Supplied records
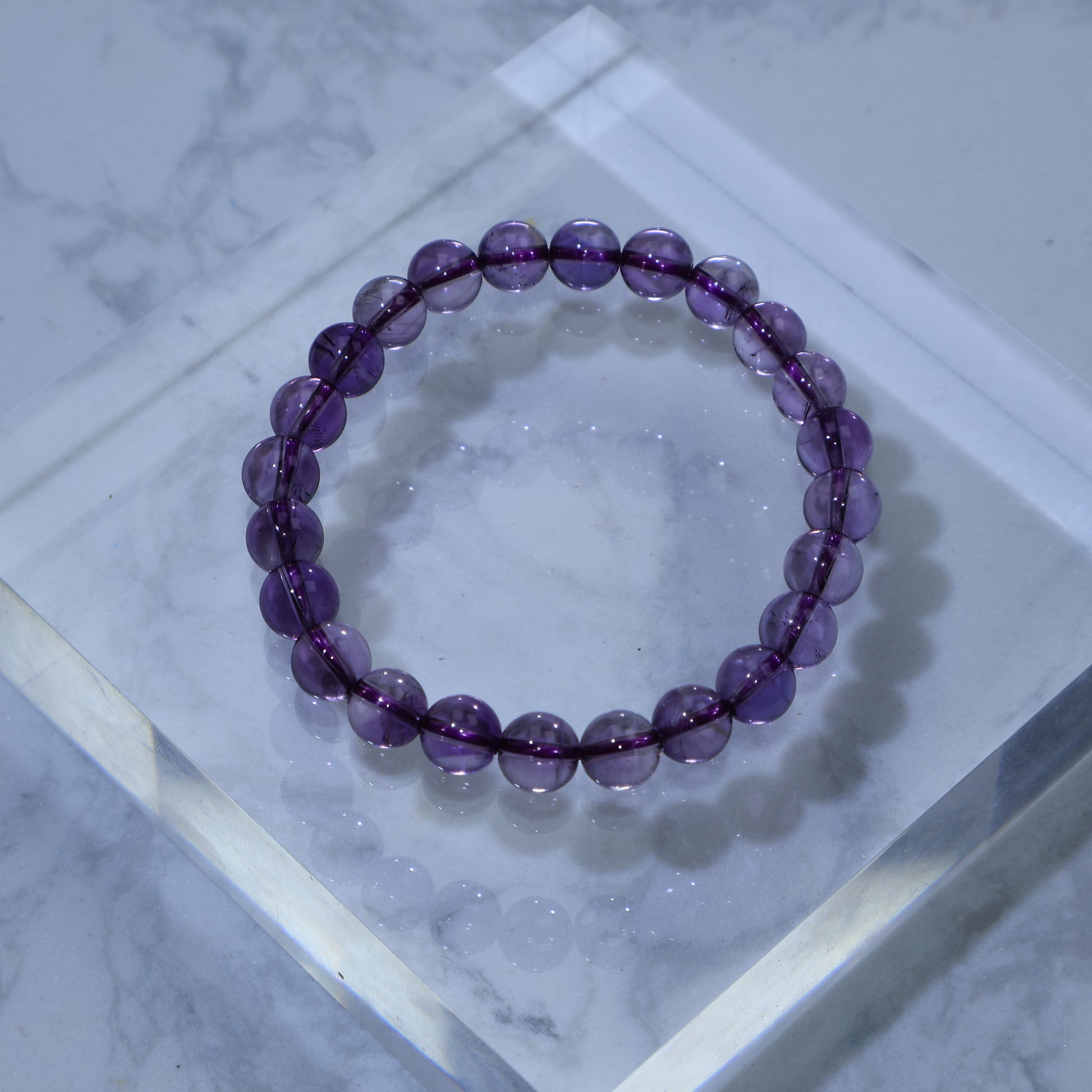 Overhead view of 7mm Amethyst bracelet on clear acrylic block, showing soft violet tones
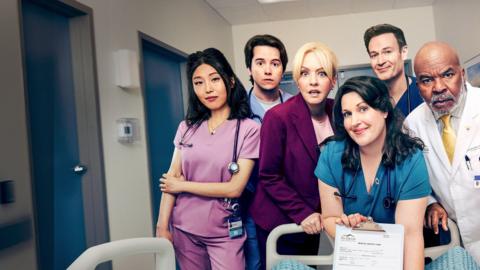 The cast of St Denis Medical, an array of Doctors leaning over the end of a hospital bed. The woman at the front is holding a clipboard and paper for the viewer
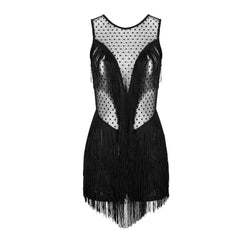 A Nik Spruill Lauren Fringe Romper - black with white polka dots.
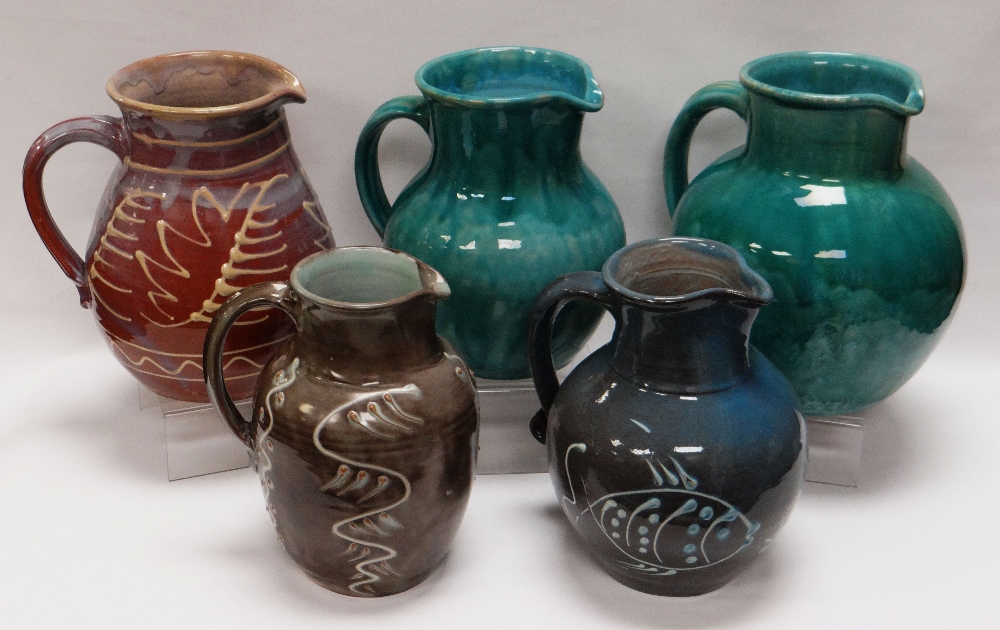 A WILLIAM FISHLEY HOLLAND STUDIO POTTERY GROUP OF FIVE JUGS in various slipware glazes and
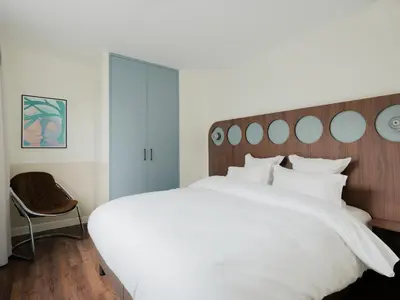 Un ou plusieurs lits dans un hébergement de l'établissement Edgar Suites Levallois - Anatole France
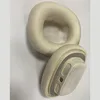 Close-up view of two white ear pads for headphones, likely for Apple AirPods Max. Podgląd zdjęcia produktu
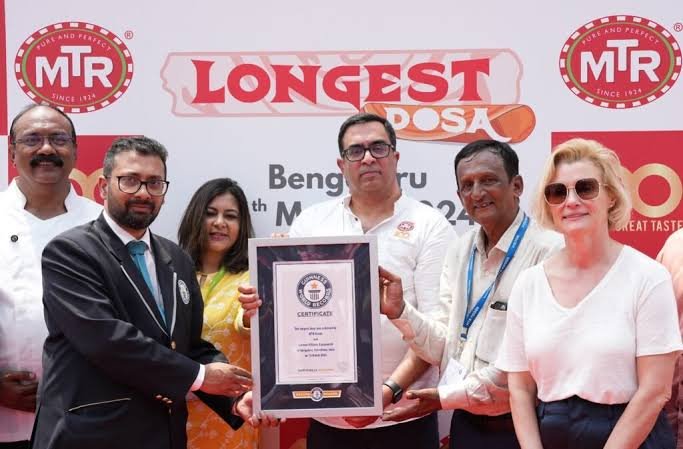 MTR Broke the Previous World Record title of longest Dosa of 16.68m (54 ft 8.69 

Description of the task
Nothing but the lines from the one with "A WILLIAM FISHLEY" through the end of the entries above, both included, should be set down, exactly and without pictures.

Written answer
 A WILLIAM FISHLEY HOLLAND STUDIO POTTERY GROUP OF FIVE JUGS in various slipware glazes and
 Un ou plusieurs lits dans un hébergement de l'établissement Edgar Suites Levallois - Anatole France
 Close-up view of two white ear pads for headphones, likely for Apple AirPods Max. Podgląd zdjęcia produktu
 MTR Broke the Previous World Record title of longest Dosa of 16.68m (54 ft 8.69 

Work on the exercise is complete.